As Donald Trump gears up to return to the White House, attention is turning to what his energy policies will mean for the future of the U.S. energy landscape. Trump’s presidency was marked by a strong focus on boosting fossil fuel production, and his second term is expected to shift the nation’s energy policy back toward oil and gas, placing less emphasis on tackling climate change. However, despite concerns about potential rollbacks, experts argue that the rapid growth of renewable energy in the U.S. is unlikely to be significantly impacted, at least in the short term.
In the aftermath of Trump’s election victory, clean energy stocks took a notable dive, with solar energy indices like the MAC Global Solar Energy Index plummeting by 10%. This drop reflects the market’s nervousness about a possible reversal in policies that have been crucial to the renewable energy sector’s growth. Under President Joe Biden, the U.S. has experienced a boom in renewable energy, largely driven by federal tax credits, state renewable mandates, and advancements in technology that have made solar and wind power more affordable. Biden’s Inflation Reduction Act (IRA), which guarantees billions of dollars in subsidies for solar and wind projects over the next decade, has been a major factor in this expansion.
Trump has consistently criticized the IRA, calling it too costly and pledging to undo much of the legislation. His campaign rhetoric suggested that one of his first moves in office would be to rescind all unspent funds allocated by the IRA. However, analysts point out that dismantling the IRA would be no easy feat. Many Republican-led states, which have benefited greatly from investments in renewable energy technologies, would likely resist any efforts to repeal the law. Additionally, some of Trump’s allies have investments in clean energy, further complicating any attempt to curtail the growth of the industry.

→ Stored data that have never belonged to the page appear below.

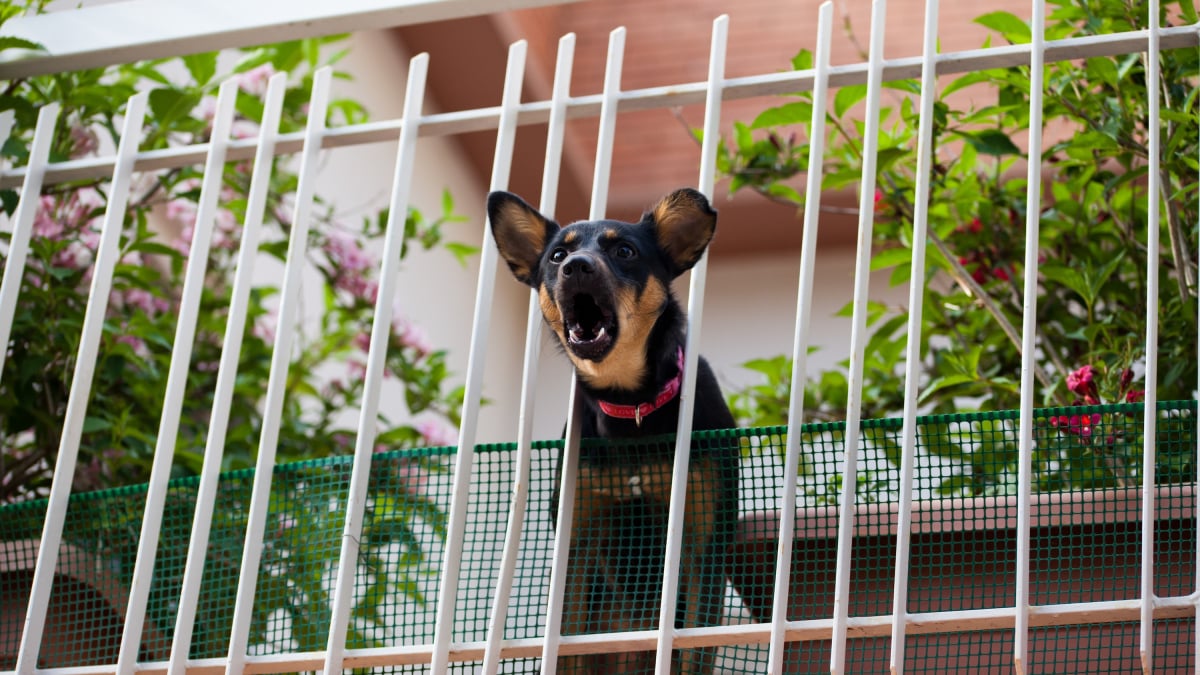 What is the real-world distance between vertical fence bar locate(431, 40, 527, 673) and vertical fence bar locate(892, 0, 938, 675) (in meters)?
0.81

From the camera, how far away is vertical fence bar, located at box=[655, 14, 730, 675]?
7.93ft

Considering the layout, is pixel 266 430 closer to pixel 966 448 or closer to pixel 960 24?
pixel 966 448

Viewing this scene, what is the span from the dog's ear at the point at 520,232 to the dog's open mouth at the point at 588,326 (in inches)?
6.2

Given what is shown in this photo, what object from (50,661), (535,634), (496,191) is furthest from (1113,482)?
(50,661)

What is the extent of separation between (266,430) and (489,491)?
48 centimetres

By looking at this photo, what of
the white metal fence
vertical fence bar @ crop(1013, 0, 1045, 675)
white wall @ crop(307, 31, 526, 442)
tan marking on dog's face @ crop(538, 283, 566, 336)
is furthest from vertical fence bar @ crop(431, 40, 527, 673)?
white wall @ crop(307, 31, 526, 442)

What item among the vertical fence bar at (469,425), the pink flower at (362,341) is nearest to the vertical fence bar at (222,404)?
the vertical fence bar at (469,425)

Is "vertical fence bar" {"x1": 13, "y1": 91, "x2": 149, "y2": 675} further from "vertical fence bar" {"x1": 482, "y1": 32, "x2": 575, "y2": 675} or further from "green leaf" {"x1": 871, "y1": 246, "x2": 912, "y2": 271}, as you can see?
"green leaf" {"x1": 871, "y1": 246, "x2": 912, "y2": 271}

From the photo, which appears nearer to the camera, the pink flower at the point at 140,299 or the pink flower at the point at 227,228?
the pink flower at the point at 140,299

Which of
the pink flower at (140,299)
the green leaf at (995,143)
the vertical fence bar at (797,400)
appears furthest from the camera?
the pink flower at (140,299)

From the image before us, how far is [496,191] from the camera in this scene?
109 inches

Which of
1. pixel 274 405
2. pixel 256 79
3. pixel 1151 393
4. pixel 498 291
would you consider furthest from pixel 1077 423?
pixel 498 291

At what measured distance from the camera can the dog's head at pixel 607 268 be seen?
2.70 metres

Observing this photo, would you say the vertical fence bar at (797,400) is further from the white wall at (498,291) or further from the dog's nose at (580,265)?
the white wall at (498,291)
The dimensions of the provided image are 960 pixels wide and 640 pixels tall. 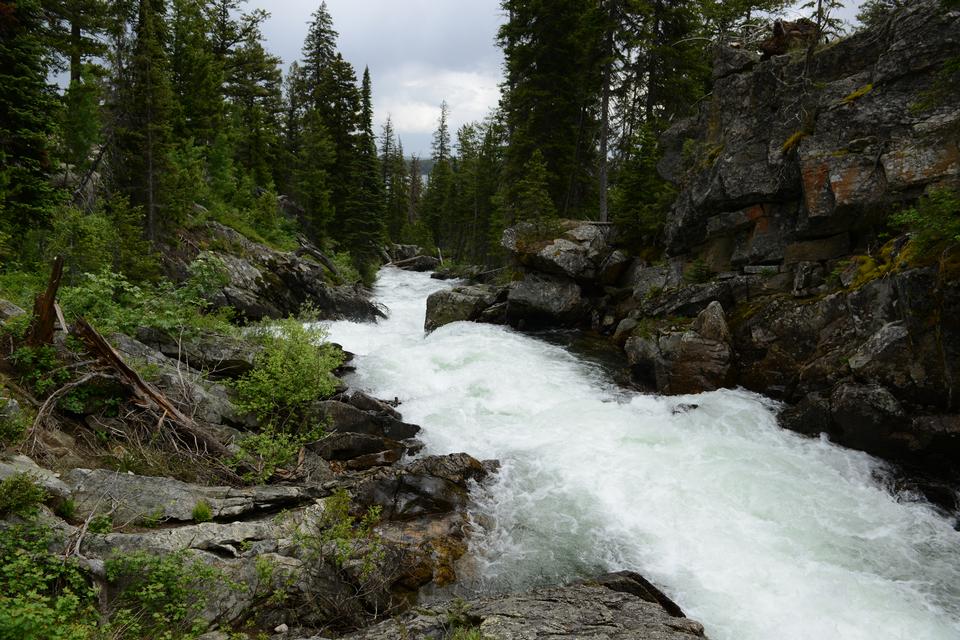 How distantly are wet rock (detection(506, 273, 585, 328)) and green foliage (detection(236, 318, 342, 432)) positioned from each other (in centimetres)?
1117

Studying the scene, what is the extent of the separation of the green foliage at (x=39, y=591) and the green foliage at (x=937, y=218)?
13372 mm

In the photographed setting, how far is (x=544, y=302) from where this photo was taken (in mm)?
21281

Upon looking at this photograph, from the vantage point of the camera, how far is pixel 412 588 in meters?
6.93

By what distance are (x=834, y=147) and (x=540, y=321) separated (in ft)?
39.3

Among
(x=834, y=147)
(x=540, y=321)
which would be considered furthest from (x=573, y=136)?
(x=834, y=147)

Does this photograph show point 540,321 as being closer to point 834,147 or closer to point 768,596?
point 834,147

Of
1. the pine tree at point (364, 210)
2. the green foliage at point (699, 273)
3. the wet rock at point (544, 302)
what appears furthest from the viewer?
the pine tree at point (364, 210)

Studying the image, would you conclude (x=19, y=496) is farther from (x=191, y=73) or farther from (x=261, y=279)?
(x=191, y=73)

Despite these challenges, Trump could still slow the renewable energy transition through executive actions aimed at restricting the budgets of federal agencies that oversee clean energy projects. This could involve cutting funding for solar, wind, and other renewable initiatives or hindering the federal leasing of public lands for renewable energy projects. One area where Trump could exert influence is offshore wind energy, which he has previously criticized as being too expensive and a threat to wildlife such as whales and seabirds. As president, Trump may push for a moratorium on new offshore wind lease sales, which could stall the development of future offshore wind projects.
On the other hand, renewable energy has reached a tipping point where its growth seems difficult to reverse. The transition to renewables is well underway, with solar and wind energy already playing a significant role in the power grid. Furthermore, the economic benefits of the IRA—such as job creation in manufacturing plants for solar panels and wind turbines—have been significant, particularly in red states that traditionally vote Republican. These economic incentives have created a broad base of support for clean energy, even among those who are politically aligned with Trump. It’s unlikely that the new administration would risk alienating voters and companies benefiting from the clean energy boom, especially in swing states that have seen a surge in renewable energy jobs.

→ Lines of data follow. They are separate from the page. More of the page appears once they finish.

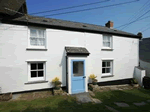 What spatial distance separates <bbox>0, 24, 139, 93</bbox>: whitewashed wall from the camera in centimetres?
552

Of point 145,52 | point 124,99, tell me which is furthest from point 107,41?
point 145,52

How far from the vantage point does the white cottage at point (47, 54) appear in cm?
558

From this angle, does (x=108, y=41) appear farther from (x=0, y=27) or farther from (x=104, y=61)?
(x=0, y=27)

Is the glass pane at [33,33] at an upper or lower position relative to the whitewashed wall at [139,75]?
upper

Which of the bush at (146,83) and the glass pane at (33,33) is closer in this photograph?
the glass pane at (33,33)

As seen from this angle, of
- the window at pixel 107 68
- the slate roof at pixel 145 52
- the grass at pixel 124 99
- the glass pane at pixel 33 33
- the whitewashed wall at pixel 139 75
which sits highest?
the glass pane at pixel 33 33

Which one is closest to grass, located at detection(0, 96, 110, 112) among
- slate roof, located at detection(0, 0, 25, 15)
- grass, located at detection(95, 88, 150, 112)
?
grass, located at detection(95, 88, 150, 112)

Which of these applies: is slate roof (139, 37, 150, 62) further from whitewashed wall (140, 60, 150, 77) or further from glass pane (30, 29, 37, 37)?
glass pane (30, 29, 37, 37)

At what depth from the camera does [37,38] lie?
6332mm

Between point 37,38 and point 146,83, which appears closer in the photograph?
point 37,38

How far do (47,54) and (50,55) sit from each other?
0.80 feet

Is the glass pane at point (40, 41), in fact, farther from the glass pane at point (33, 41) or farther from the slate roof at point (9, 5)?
the slate roof at point (9, 5)

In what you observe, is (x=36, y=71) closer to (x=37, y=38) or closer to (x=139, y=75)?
(x=37, y=38)

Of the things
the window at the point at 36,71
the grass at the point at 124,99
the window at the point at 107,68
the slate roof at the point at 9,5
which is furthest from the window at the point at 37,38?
the window at the point at 107,68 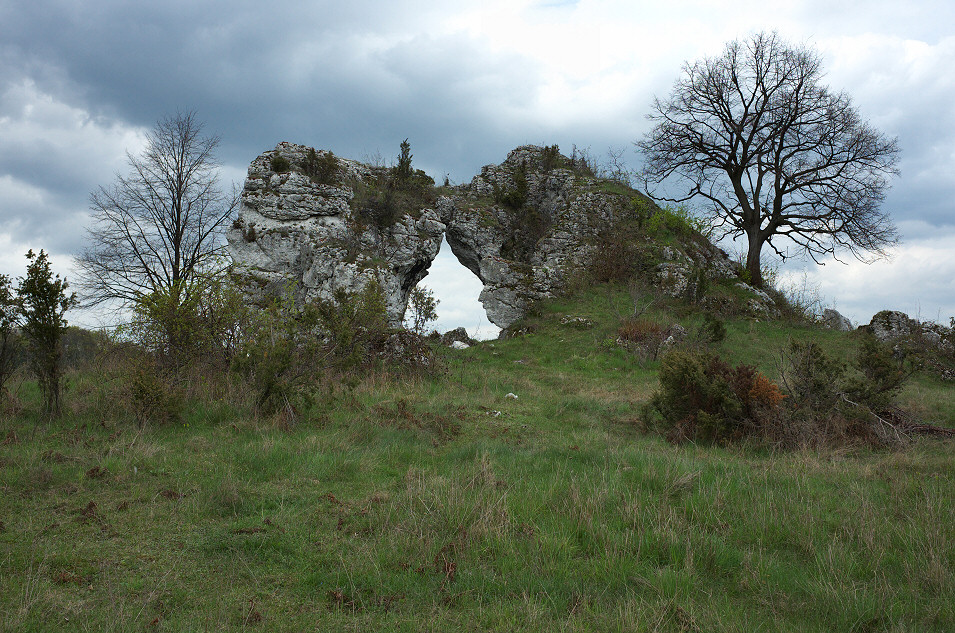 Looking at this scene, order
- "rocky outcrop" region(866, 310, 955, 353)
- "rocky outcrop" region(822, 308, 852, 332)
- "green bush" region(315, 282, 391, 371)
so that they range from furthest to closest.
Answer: "rocky outcrop" region(822, 308, 852, 332) < "rocky outcrop" region(866, 310, 955, 353) < "green bush" region(315, 282, 391, 371)

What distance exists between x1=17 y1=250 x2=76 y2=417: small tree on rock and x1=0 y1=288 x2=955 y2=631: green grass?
0.53m

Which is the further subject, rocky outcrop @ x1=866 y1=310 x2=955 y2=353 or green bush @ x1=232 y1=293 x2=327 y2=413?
rocky outcrop @ x1=866 y1=310 x2=955 y2=353

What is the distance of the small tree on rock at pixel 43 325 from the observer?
7.16 m

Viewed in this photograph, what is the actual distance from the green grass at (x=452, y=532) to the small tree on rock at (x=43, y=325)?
534 millimetres

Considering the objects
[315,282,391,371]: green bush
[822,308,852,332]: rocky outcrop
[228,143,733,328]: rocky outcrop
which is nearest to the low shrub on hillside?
[315,282,391,371]: green bush

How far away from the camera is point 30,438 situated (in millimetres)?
6121

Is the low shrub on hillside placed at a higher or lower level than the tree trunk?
lower

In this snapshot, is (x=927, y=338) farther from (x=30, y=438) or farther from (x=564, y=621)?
(x=30, y=438)

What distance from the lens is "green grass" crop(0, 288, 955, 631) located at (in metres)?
2.91

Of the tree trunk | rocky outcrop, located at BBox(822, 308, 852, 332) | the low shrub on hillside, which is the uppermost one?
the tree trunk

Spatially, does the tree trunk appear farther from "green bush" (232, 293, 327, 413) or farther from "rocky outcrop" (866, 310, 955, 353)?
"green bush" (232, 293, 327, 413)

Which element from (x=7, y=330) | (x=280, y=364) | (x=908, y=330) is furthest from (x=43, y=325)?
(x=908, y=330)

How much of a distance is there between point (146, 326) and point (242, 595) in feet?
25.3

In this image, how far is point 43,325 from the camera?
23.6ft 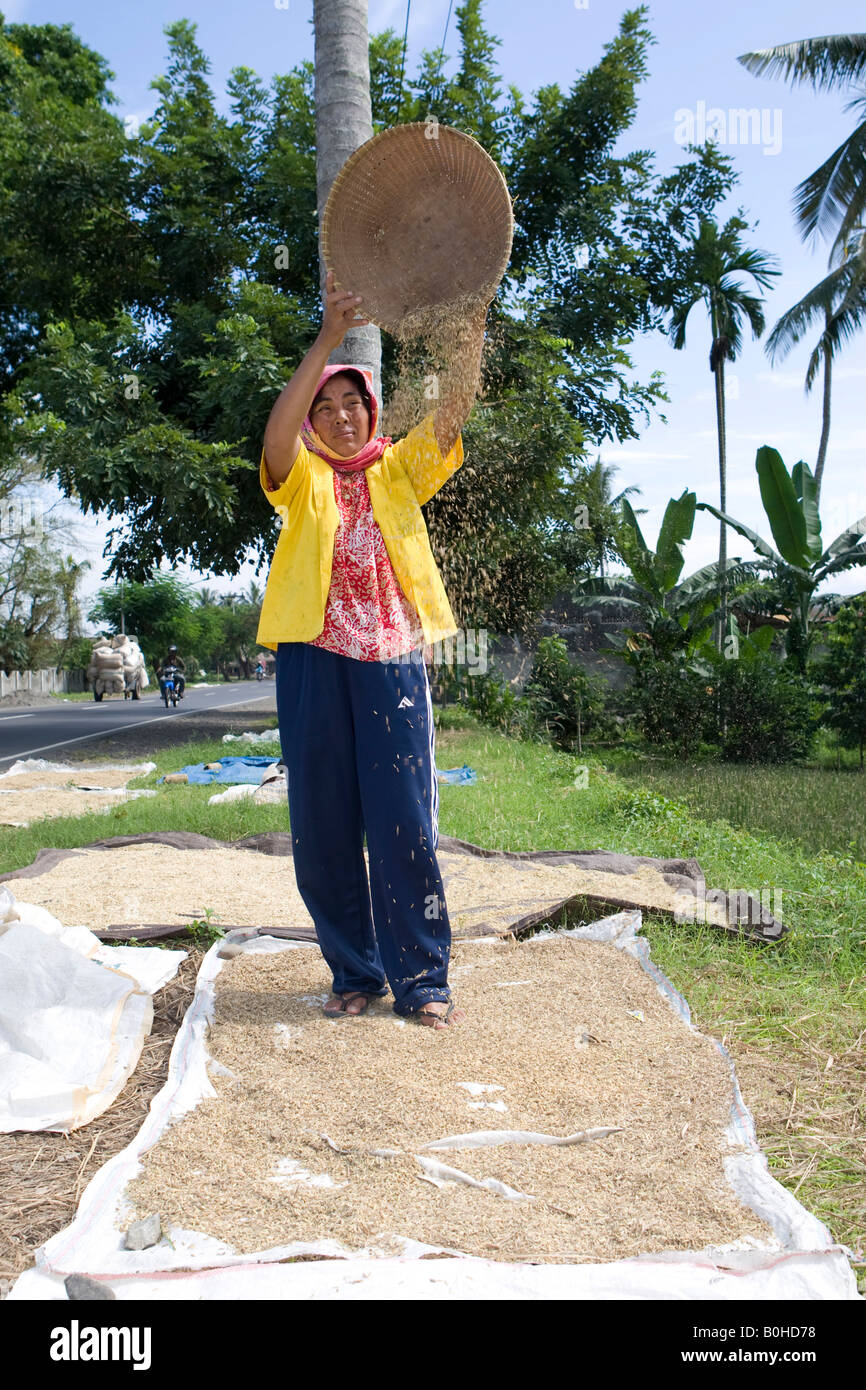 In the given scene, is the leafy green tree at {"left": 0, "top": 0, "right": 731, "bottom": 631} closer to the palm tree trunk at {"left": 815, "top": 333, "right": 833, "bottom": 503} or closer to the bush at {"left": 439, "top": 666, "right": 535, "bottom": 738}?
the bush at {"left": 439, "top": 666, "right": 535, "bottom": 738}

As Trump’s energy policies unfold, it’s also important to consider the broader picture of U.S. fossil fuel production. The U.S. is already the world’s largest producer of oil and gas, a trend that began under President Barack Obama and continued under both Trump and Biden. Even as the U.S. pushes to decarbonize its power sector, the reality of global oil and gas markets means that fossil fuel production will remain a key part of the U.S. economy. Trump has long argued that the U.S. should prioritize domestic oil and gas extraction, and his administration is expected to continue policies that favor fossil fuel expansion, including slashing regulations on drilling and extracting oil and gas from federal lands.
However, even with Trump’s push for fossil fuels, renewable energy’s dominance on the U.S. power grid is difficult to deny. Technology improvements and the continued decrease in the costs of solar and wind energy mean that these sectors will likely continue to grow regardless of who is in office. The development of battery storage and other technologies also means that solar and wind energy can become more reliable, even as the U.S. remains dependent on fossil fuels.
Another significant challenge for the next president will be navigating global climate change agreements. During his first term, Trump withdrew the U.S. from the Paris Climate Agreement, a move that angered many environmental advocates. Although the Biden administration has since rejoined the accord, it’s unclear whether Trump would continue to reject international climate cooperation. He has previously criticized the Paris Agreement for not holding countries like China and India accountable for their emissions. If re-elected, Trump could choose to leave the Paris Agreement once again, which would further isolate the U.S. from global climate efforts.
The next few years will be crucial in determining the trajectory of U.S. energy policy. While Trump’s return to the White House could certainly shift the focus away from climate action and toward fossil fuel production, the momentum behind renewable energy—driven by policy, technology, and economics—may be difficult to slow. The question remains whether Trump’s policies will succeed in limiting the growth of clean energy or if the forces of market demand and technological advancement will continue to push the U.S. toward a cleaner energy future.